Roger Waters ist seit zehn Jahren Mitglied des BDS (Boycott, Divestment and Sanctions) Movement, das sich einen umfassenden Boykott Israels zum Ziel gesetzt hat. Massive Attack und Faithless beteiligen sich an diesem Boykott. Keine Waren aus den von Israel besetzten Gebieten, kein kultureller, monetärer oder akademischer Austausch; das ist die Marschrichtung. Waters benutzte als Begründung für sein Engagement schon einen Vergleich, der den Holocaust relativiert. Über Israel sagte er 2013:"Die Parallelen zu dem, was in den dreißiger Jahren in Deutschland geschehen ist, sind so offensichtlich." Auf der Bühne verwendet er gerne einen fliegenden Ballon in Form eines Schweines, der neben den Logos von Konzernen wie McDonald's auch von einen Davidstern "geziert" wird.

Ebenso etabliert wie derartige Boykott-Aufrufe ist auch die Kritik an solchen. Der Göttinger Antisemitismusforscher Samuel Salzborn hat zur Unterscheidung von Israel-Kritik und Antisemitismus etwa drei Kriterien aufgestellt, auch bekannt als die drei Ds: Delegitimation, Dämonisierung, doppelte Standards. Findet man diese vor, "dann ist davon auszugehen, dass es sich nicht um den Modus der Kritik an Israel, sondern um antizionistischen Antisemitismus handelt."

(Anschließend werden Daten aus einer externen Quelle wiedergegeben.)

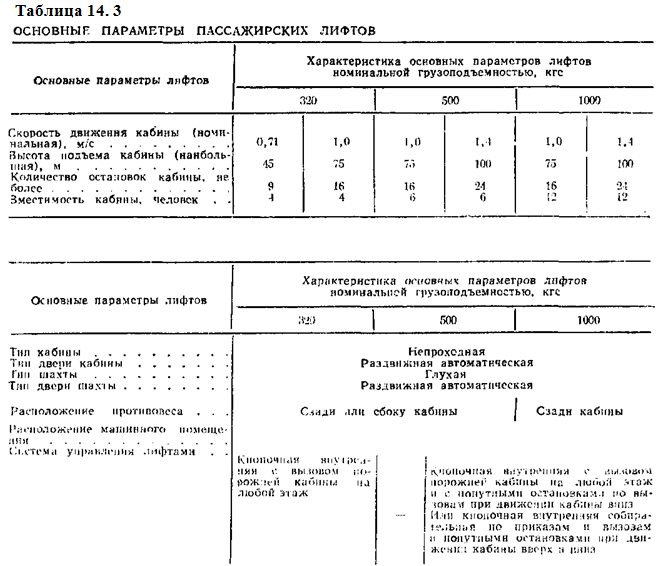 основные параметры пассажирских лифтов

Roger Waters zum Beispiel delegitimiert und dämonisiert Israel, in dem er es mit der nationalsozialistischen Volksgemeinschaft gleichsetzt. Doppelte Standards werden demnach von ihm, BDS und anderen angelegt, in dem sie ausschließlich Israel die Schuld an der Lage im Nahen Osten geben, ohne andere Akteure wie die Hamas, Hisbollah, Iran oder Saudi-Arabien besonders zu nennen. Auch Menschenrechtsverletzungen von palästinensischen Behörden werden häufig nicht genannt.

Sowohl in dem offenen Brief als auch in der Online-Petition an die Chemical Brothers wird der Eindruck erweckt, Israel sei der schlimmste Staat auf Erden. Dabei bescheinigen diverse NGOs von Freedom-House über den Internationalen Gewerkschaftsbund bis Reporter Ohne Grenzen, Israel, zumindest das freiste Land im Nahen Osten zu sein. Trotz der angespannten Sicherheitslage ist der Grad an Pressefreiheit höher als zum Beispiel in Bulgarien. Im Demokratie-Ranking des Economist steht Israel auf Platz 36. Doch niemand hat bisher gegen die 131 weniger demokratischen Länder einen Boykott gestartet oder sie als Wiedergänger des Nazi-Regimes bezeichnet. Über den Iran hat Roger Waters zwar einen Protestsong geschrieben, jedoch nie zum Boykott aufgerufen oder anderweitig derartig engagiert. Warum dieser Bias?

Von den Chemical Brothers gibt es bislang kein verlässliches Statement zu dem Boykottaufruf. Auf ihrer Homepage wird das Konzert in Tel Aviv nicht geführt, Tickets können allerdings noch erworben werden.